Niestety do tej pory nie odnalazł się jej właściciel, pomimo ogłoszeń rozwieszanych w okolicy.
Widać, że suczka mieszkała w domu, ponieważ śpi w łóżku i najchętniej pod kołdrą.
Jest piękną pręgowaną bokserką, bardzo grzeczną, przytulną i łagodną.
Niestety ośrodek nie jest dla niej odpowiednim miejscem, gdyż pies potrzebuje nie tylko ciepłego kąta, ale także swojego własnego człowieka, który da mu miłość i poczucie bezpieczeństwa.
Może dzięki temu ogłoszeniu odnajdzie się właściciel suczki.
Jeśli nie, to Gabi czeka na nowy dom.
Przed oddaniem do nowego domu zostanie wysterylizowana.
11.11.2008r.
Gabi znalazła się w domu tymczasowym, który ma takie spostrzeżenia:
"Suczka ma coś dziwnego na klatce z boku - jakby jakieś złamanie które źle sie zrosło?! Nie wiem...
Grzecznie sobie teraz śpi na posłanku. Próbowała wejść na łózko ale byliśmy twardzi :)

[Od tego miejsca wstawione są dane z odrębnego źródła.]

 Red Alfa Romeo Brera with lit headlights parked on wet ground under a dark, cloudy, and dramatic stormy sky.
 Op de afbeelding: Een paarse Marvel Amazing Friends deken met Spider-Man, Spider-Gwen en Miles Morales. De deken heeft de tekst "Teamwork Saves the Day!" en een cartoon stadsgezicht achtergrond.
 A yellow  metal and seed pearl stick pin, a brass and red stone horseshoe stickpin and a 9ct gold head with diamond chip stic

Ładnie jeździ samochodem, ale ciągnie na smyczy. Ogólnie idealna psina - pozytywnie nastawiona do świata."
21.02.2009 r.
Gabi wróciła do zdrowia po kilku tygodniach leczenia infekcji wirusowej i anginy i mogła przebyć planowany od dawna zabieg sterylizacji. W tej chwili czeka już ją tylko zdjęcie szwów i suczka pojedzie do czekającego na nią od dawna domu.